The first gameplay trailer for Ramattra illustrates some of the problems inherent in foregrounding villainy as a selling point. It’s a normal sizzle reel of gameplay animatics and voice lines, but something immediately feels off when a male hero (Cassidy) is attacked in a practical first-person perspective, but a third-person point of view is used to show a slowed down punch going straight into a female hero (Kiriko). It continues on similarly, with an ending that has the tank darkly looming over an ensnared Mercy. Fans on Twitter being happy that they can potentially pull Mercy players out of the air feels like the sentiment intended. (People expressing thirst for this when it is probably not meant to be titillating is another issue entirely.)

The rest of the trailer engages with Blizzard’s long-standing history of racialized design choices and cultural appropriation, if the vague misogyny wasn’t enough. An imposing android with dreadlock analogues who can turn into hulking mass threatening an injured, angelic white woman has racist overtones. The action is also set in the game’s new escort map that cribs from actual ethnic and religious groups. It almost feels like it wouldn’t be Overwatch if there weren’t some cultural missteps along the way.
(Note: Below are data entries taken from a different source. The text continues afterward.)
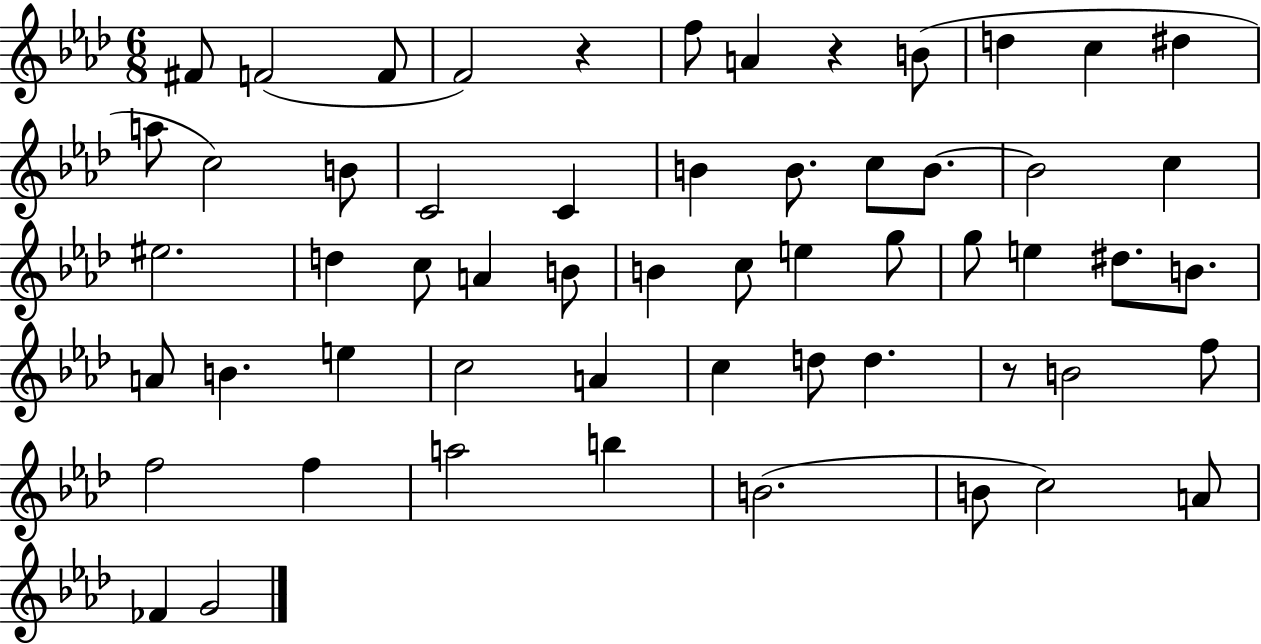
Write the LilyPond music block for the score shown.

{
  \clef treble
  \numericTimeSignature
  \time 6/8
  \key aes \major
  fis'8 f'2( f'8 | f'2) r4 | f''8 a'4 r4 b'8( | d''4 c''4 dis''4 | \break a''8 c''2) b'8 | c'2 c'4 | b'4 b'8. c''8 b'8.~~ | b'2 c''4 | \break eis''2. | d''4 c''8 a'4 b'8 | b'4 c''8 e''4 g''8 | g''8 e''4 dis''8. b'8. | \break a'8 b'4. e''4 | c''2 a'4 | c''4 d''8 d''4. | r8 b'2 f''8 | \break f''2 f''4 | a''2 b''4 | b'2.( | b'8 c''2) a'8 | \break fes'4 g'2 | \bar "|."
}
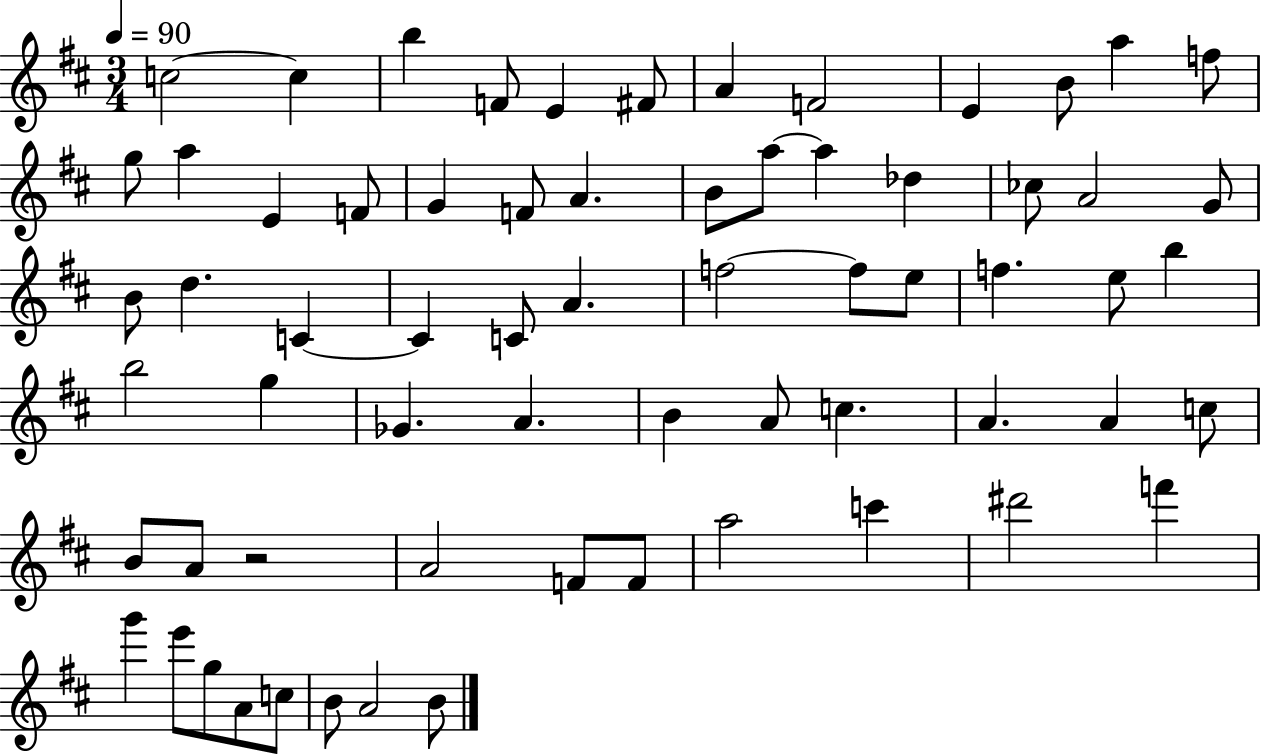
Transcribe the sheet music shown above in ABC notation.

X:1
T:Untitled
M:3/4
L:1/4
K:D
c2 c b F/2 E ^F/2 A F2 E B/2 a f/2 g/2 a E F/2 G F/2 A B/2 a/2 a _d _c/2 A2 G/2 B/2 d C C C/2 A f2 f/2 e/2 f e/2 b b2 g _G A B A/2 c A A c/2 B/2 A/2 z2 A2 F/2 F/2 a2 c' ^d'2 f' g' e'/2 g/2 A/2 c/2 B/2 A2 B/2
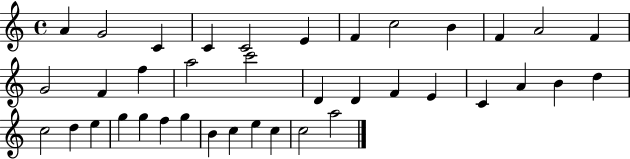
A4/q G4/h C4/q C4/q C4/h E4/q F4/q C5/h B4/q F4/q A4/h F4/q G4/h F4/q F5/q A5/h C6/h D4/q D4/q F4/q E4/q C4/q A4/q B4/q D5/q C5/h D5/q E5/q G5/q G5/q F5/q G5/q B4/q C5/q E5/q C5/q C5/h A5/h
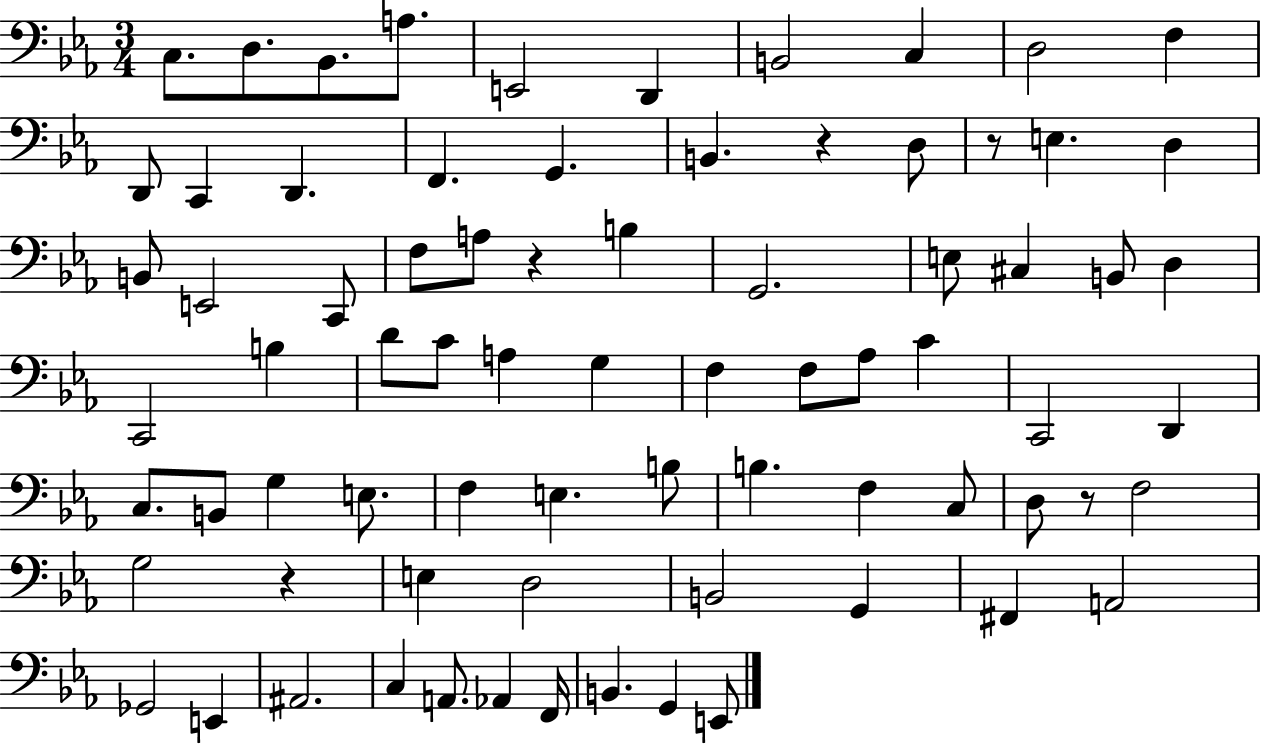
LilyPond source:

{
  \clef bass
  \numericTimeSignature
  \time 3/4
  \key ees \major
  c8. d8. bes,8. a8. | e,2 d,4 | b,2 c4 | d2 f4 | \break d,8 c,4 d,4. | f,4. g,4. | b,4. r4 d8 | r8 e4. d4 | \break b,8 e,2 c,8 | f8 a8 r4 b4 | g,2. | e8 cis4 b,8 d4 | \break c,2 b4 | d'8 c'8 a4 g4 | f4 f8 aes8 c'4 | c,2 d,4 | \break c8. b,8 g4 e8. | f4 e4. b8 | b4. f4 c8 | d8 r8 f2 | \break g2 r4 | e4 d2 | b,2 g,4 | fis,4 a,2 | \break ges,2 e,4 | ais,2. | c4 a,8. aes,4 f,16 | b,4. g,4 e,8 | \break \bar "|."
}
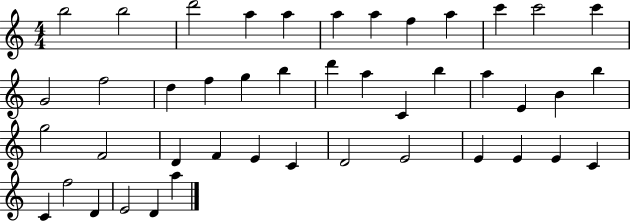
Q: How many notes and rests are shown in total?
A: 44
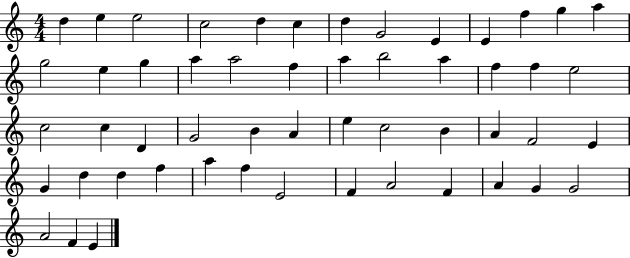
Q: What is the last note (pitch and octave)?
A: E4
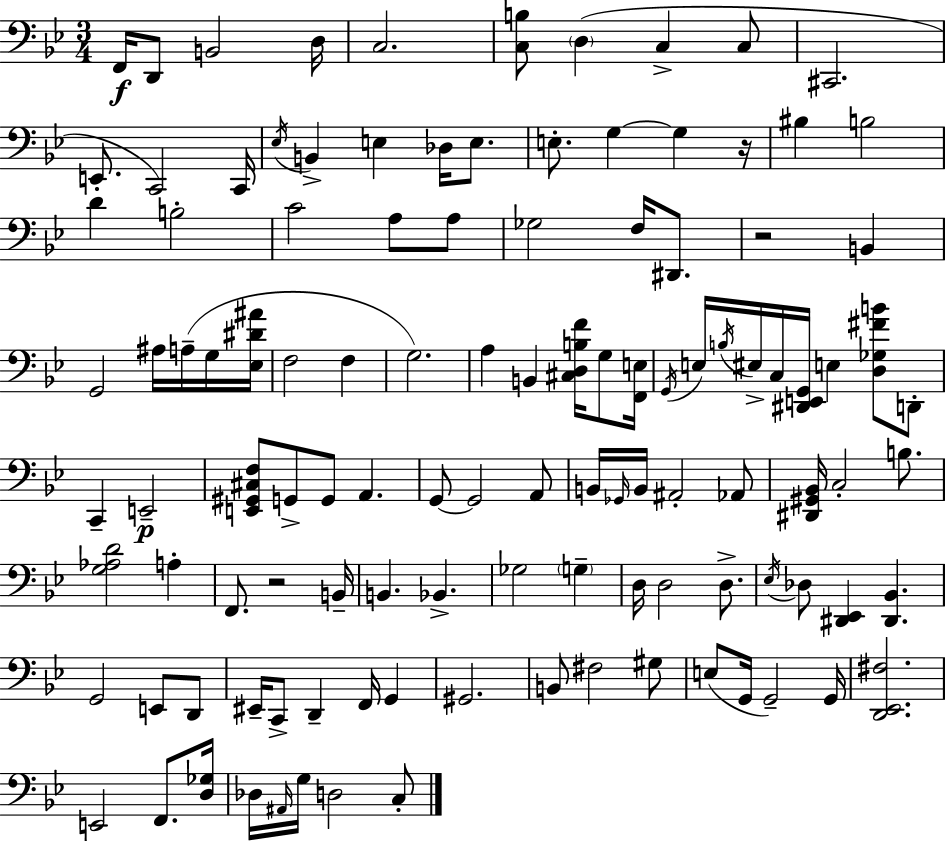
{
  \clef bass
  \numericTimeSignature
  \time 3/4
  \key g \minor
  \repeat volta 2 { f,16\f d,8 b,2 d16 | c2. | <c b>8 \parenthesize d4( c4-> c8 | cis,2. | \break e,8.-. c,2) c,16 | \acciaccatura { ees16 } b,4-> e4 des16 e8. | e8.-. g4~~ g4 | r16 bis4 b2 | \break d'4 b2-. | c'2 a8 a8 | ges2 f16 dis,8. | r2 b,4 | \break g,2 ais16 a16--( g16 | <ees dis' ais'>16 f2 f4 | g2.) | a4 b,4 <cis d b f'>16 g8 | \break <f, e>16 \acciaccatura { g,16 } e16 \acciaccatura { b16 } eis16-> c16 <dis, e, g,>16 e4 <d ges fis' b'>8 | d,8-. c,4-- e,2--\p | <e, gis, cis f>8 g,8-> g,8 a,4. | g,8~~ g,2 | \break a,8 b,16 \grace { ges,16 } b,16 ais,2-. | aes,8 <dis, gis, bes,>16 c2-. | b8. <g aes d'>2 | a4-. f,8. r2 | \break b,16-- b,4. bes,4.-> | ges2 | \parenthesize g4-- d16 d2 | d8.-> \acciaccatura { ees16 } des8 <dis, ees,>4 <dis, bes,>4. | \break g,2 | e,8 d,8 eis,16-- c,8-> d,4-- | f,16 g,4 gis,2. | b,8 fis2 | \break gis8 e8( g,16 g,2--) | g,16 <d, ees, fis>2. | e,2 | f,8. <d ges>16 des16 \grace { ais,16 } g16 d2 | \break c8-. } \bar "|."
}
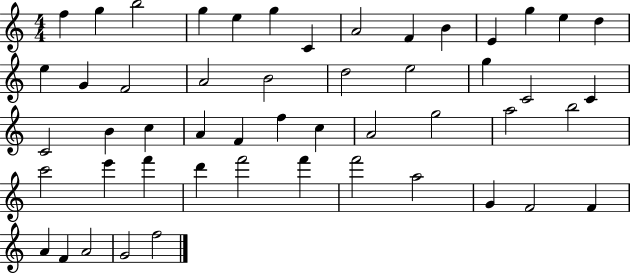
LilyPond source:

{
  \clef treble
  \numericTimeSignature
  \time 4/4
  \key c \major
  f''4 g''4 b''2 | g''4 e''4 g''4 c'4 | a'2 f'4 b'4 | e'4 g''4 e''4 d''4 | \break e''4 g'4 f'2 | a'2 b'2 | d''2 e''2 | g''4 c'2 c'4 | \break c'2 b'4 c''4 | a'4 f'4 f''4 c''4 | a'2 g''2 | a''2 b''2 | \break c'''2 e'''4 f'''4 | d'''4 f'''2 f'''4 | f'''2 a''2 | g'4 f'2 f'4 | \break a'4 f'4 a'2 | g'2 f''2 | \bar "|."
}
Ramattra’s marketing pitch freights a considerable amount of ideological weirdness, a Gordian knot woven into the fabric of the game’s unstable narrative design. It already had shaky foundations with the use of Omnics as a metaphor for racial or class oppression. Like the aforementioned X-Men, fictional persecution often makes very little sense when scrutinized. Not only does it cheapen the struggles of the oppressed peoples it borrows from, but it also sidesteps addressing the justifiable fear humanity would have about invulnerable death machines.

The incongruence of Ramattra’s design seems to stem from needing to be a commercial product that entices players to spend money. He has to be interesting enough to lure people in, but also slot into the game’s competitive ambitions and endlessly retconned story. It’s a fracture that feels more noticeable since Overwatch 2’s extremely rushed development period.

If the game had launched with a PVE mode well in hand, then maybe Ramattra’s maliciousness would be more contextualized. If the development team hadn’t removed a second tank, then tank design might not need to be so complex. So many aspects about Ramattra try to split the difference between opposing goals, but only ends up proving that they cannot have it both ways.